Bitcoin [BTC] investors have not lost belief in the leading crypto’s continued bullishness. Despite trading above the $100k mark, public excitement was low, evidenced by low interest on Google Trends for BTC.
Chatter on X (formerly Twitter) suggested a looming double top near $108K, mirroring 2021’s cycle top. But the on-chain data told a different story.

Source: Axel Adler Jr on X
BTC Exchange Flow remained negative, for example.
Sustained Bitcoin withdrawals from exchanges since March meant that the netflow was negative.

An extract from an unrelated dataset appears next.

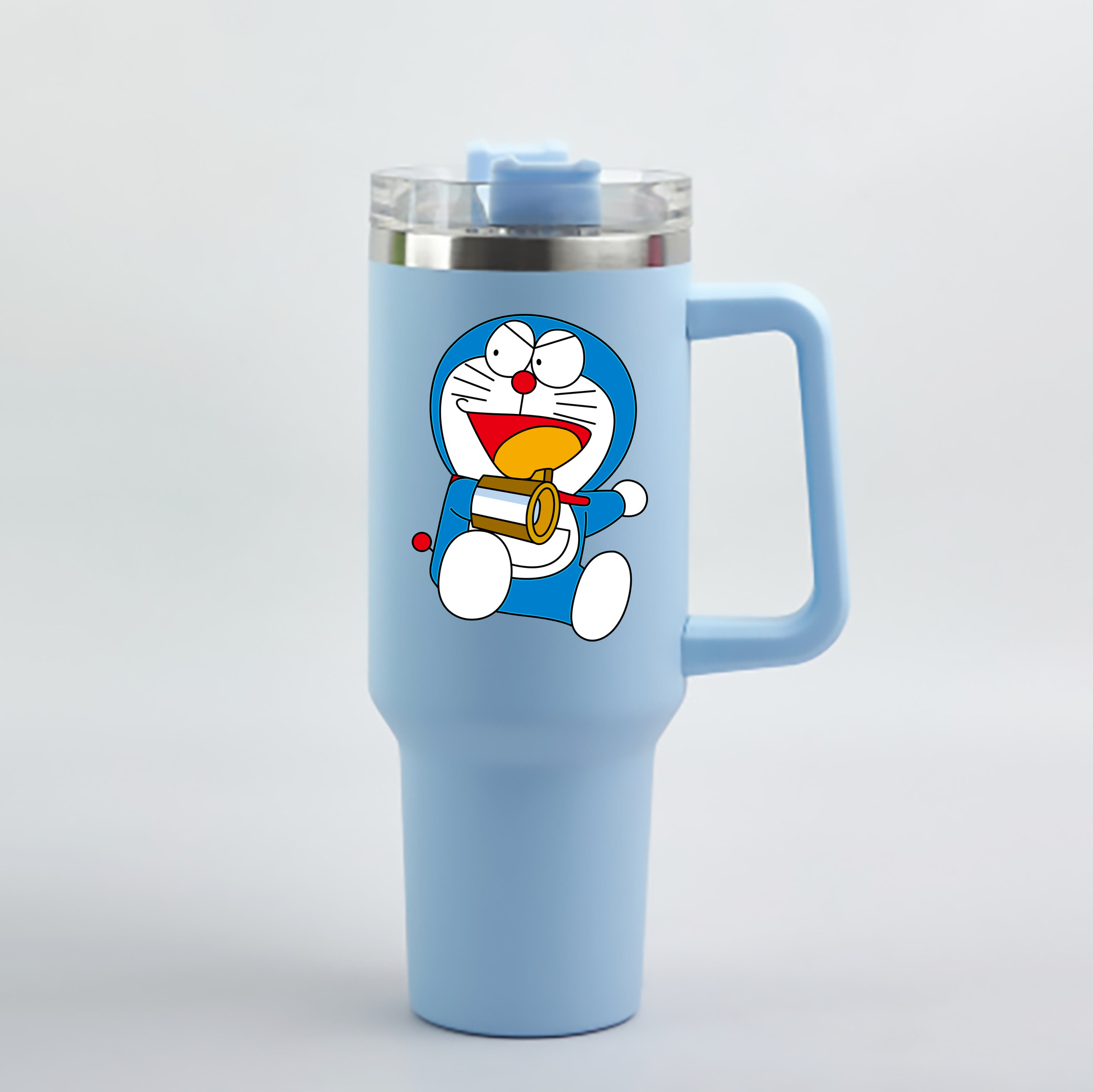 （画像用） ドラえもん Doraemon 1200mL車用タンブラー - クリスタルステッカー（プラスチックストロー付き）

In fact, since March, net outflows persisted, with over 3.6K BTC leaving exchanges daily—clear signs of investor confidence.
There was good reason to remain bullish
The steady negative Exchange Netflow was a bullish signal, but not the only one.

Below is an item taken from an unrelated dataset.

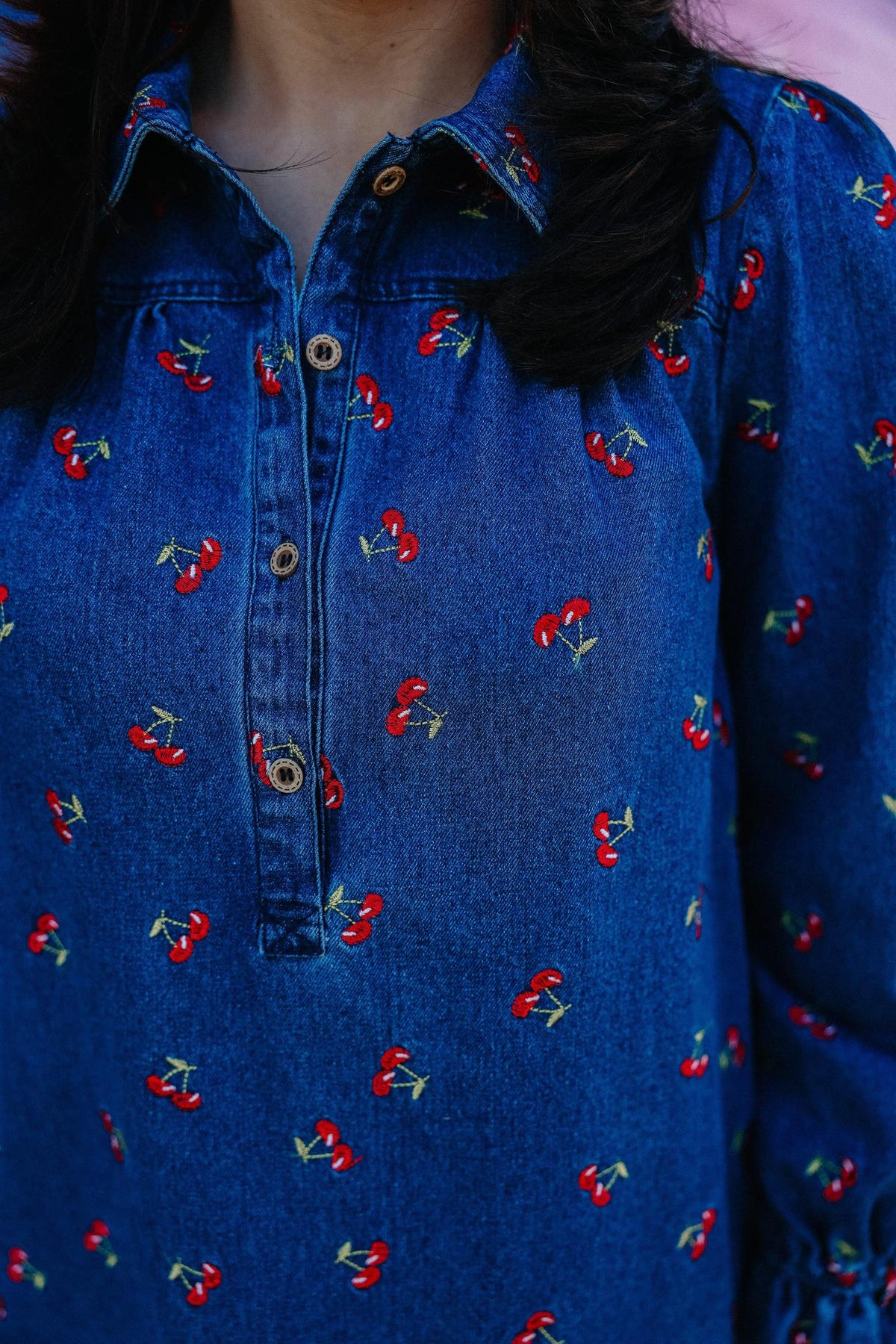 Cheerful Cherry Denim Dress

Short-Term Holders also began dialing back their profit-taking.
According to the Short-Term Holder Profit to Exchanges metric, profit flows sharply declined over the last two weeks.
When BTC first approached the $11k mark, exchange profit flow reached 49.5k BTC. As the price hovered around the $108k mark toward the end of May, the spikes on the chart reduced from 32k BTC to 3.4k BTC at the start of June.
This was a sign that STH sellers were depleted, even though Bitcoin was trading around the $105k mark.
Meanwhile, long-term holders were doing the opposite.
Starting in April, the 30-day Net Position Change flipped positive, with a net gain of 535K BTC.
This meant that whales and large investors stopped selling BTC, as they did toward the end of 2024, and began accumulating instead.
Increased holdings from long-term players were a pointer that they expected bullishness in the coming weeks.
Of course, that wasn’t without precedent.
In October 2023 and September-October 2024, we saw net position growth for LTHs. It was followed by swift rallies, and another one could be brewing.